U.S. Census Geocoding API in Python#
by Michael T. Moen
This product uses the Census Bureau Data API but is not endorsed or certified by the Census Bureau.
Please see the following resources for more information on API usage:
Documentation
Terms of Use
These recipe examples were tested on March 7, 2025.
Setup#
The following external libraries need to be installed into your enviornment to run the code examples in this tutorial:
import requests
import csv
from pprint import pprint
1. Address Lookup#
One of the main use cases of this API is finding the latitude and longitude of an address. In this example, we find the latitude and longitude of the Bruno Business Library at the University of Alabama.

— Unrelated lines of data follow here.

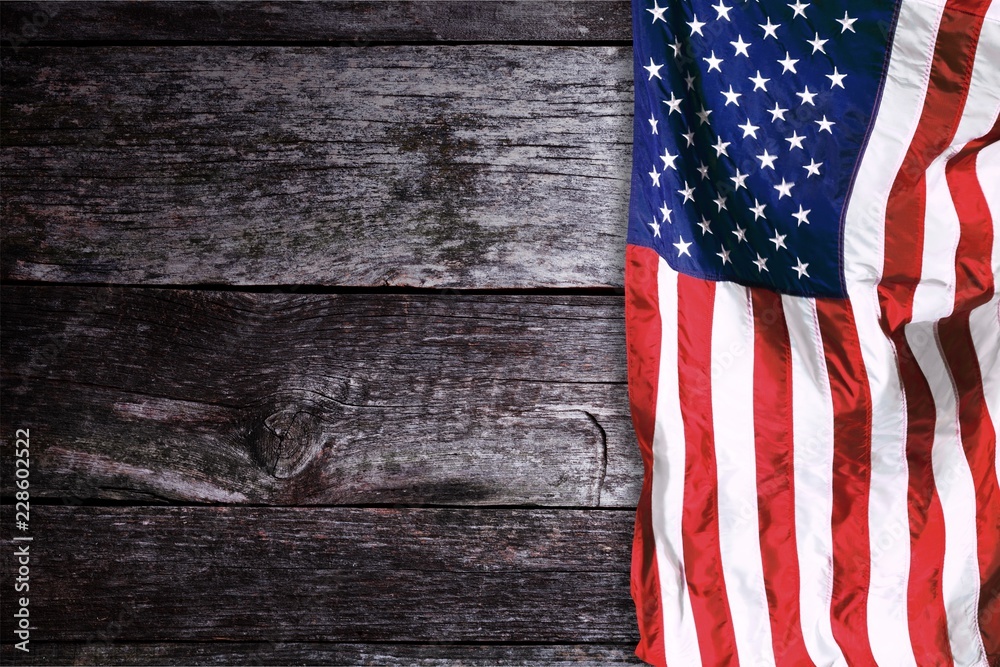 Obraz premium Closeup of American flag on background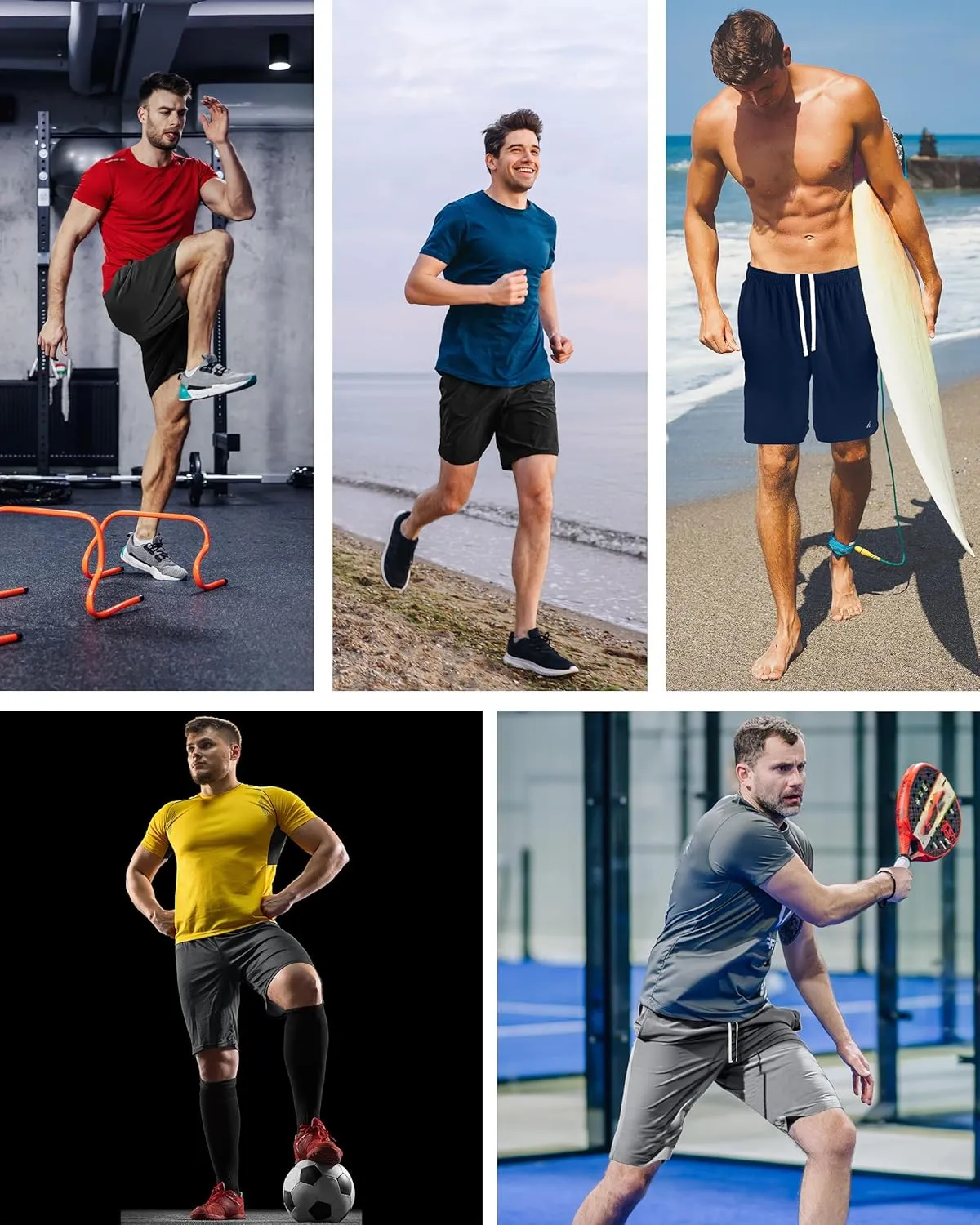 NY Threads 5 Pack Mens Athletic Shorts Quick Dry Loose-Fit Lightweight Running Workout Gym Shorts with Pockets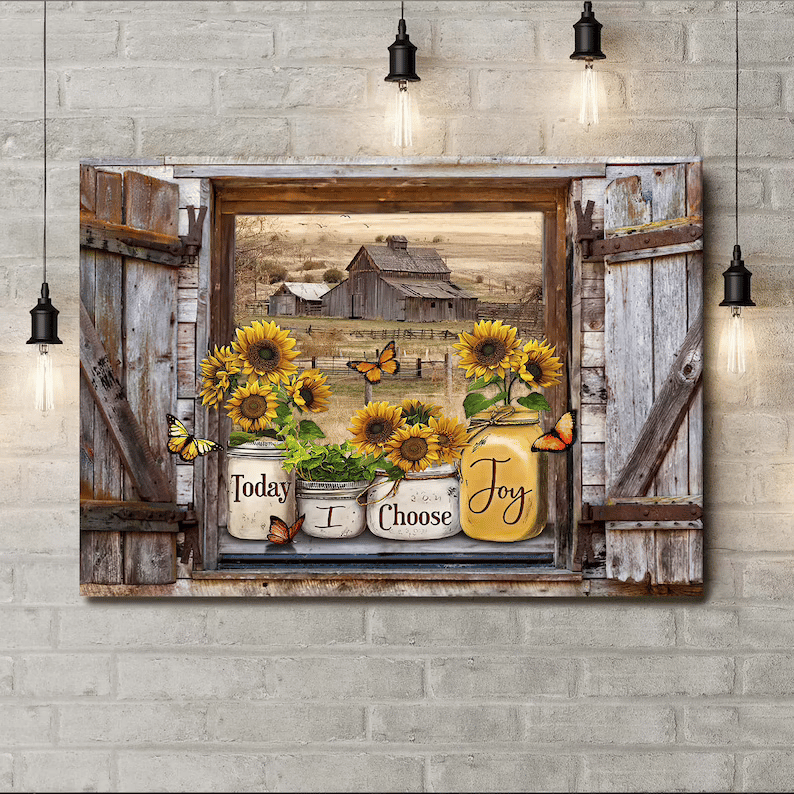 Butterfly Sunflowers Wall Art Painting with Wooden Frame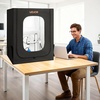 image:imageVEVOR 3D Printer Enclosure with Ventilation Dustproof Waterproof Large Size 600D Oxford Cloth 3D Printer Tent Constant Temperature Protective Case with LED Designed for Bambu Lab A1 Combo GreyBlack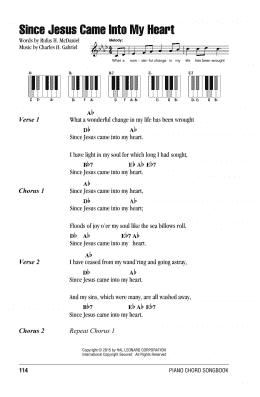 page one of Since Jesus Came Into My Heart (Piano Chords/Lyrics)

The API allows searching through two methods: address
and onelineaddress
. These methods are nearly identical, with the only difference being the format of the parameters passed to API.
Using address
Search#
BASE_URL = 'https://geocoding.geo.census.gov/geocoder/'
return_type = 'locations'
search_type = 'address'
params = {
# Specify the address to lookup with the following parameters
'street': '425 Stadium Dr',
'city': 'Tuscaloosa',
'state': 'AL',
'zip': 35401,
# Specify the version of the locator to be searched
'benchmark': 'Public_AR_Current',
# Specify that data should be returned in JSON format
'format': 'json'
}
response = requests.get(f'{BASE_URL}{return_type}/{search_type}', params=params)
# Status code of 200 indicates success
response.status_code
200
response.json()
{'result': {'input': {'address': {'zip': '35401',
'city': 'Tuscaloosa',
'street': '425 Stadium Dr',
'state': 'AL'},
'benchmark': {'isDefault': True,
'benchmarkDescription': 'Public Address Ranges - Current Benchmark',
'id': '4',
'benchmarkName': 'Public_AR_Current'}},
'addressMatches': [{'tigerLine': {'side': 'L', 'tigerLineId': '636109874'},
'coordinates': {'x': -87.549700416257, 'y': 33.21105403378},
'addressComponents': {'zip': '35401',
'streetName': 'STADIUM',
'preType': '',
'city': 'TUSCALOOSA',
'preDirection': '',
'suffixDirection': '',
'fromAddress': '401',
'state': 'AL',
'suffixType': 'DR',
'toAddress': '499',
'suffixQualifier': '',
'preQualifier': ''},
'matchedAddress': '425 STADIUM DR, TUSCALOOSA, AL, 35401'}]}}
latitude = response.json()['result']['addressMatches'][0]['coordinates']['y']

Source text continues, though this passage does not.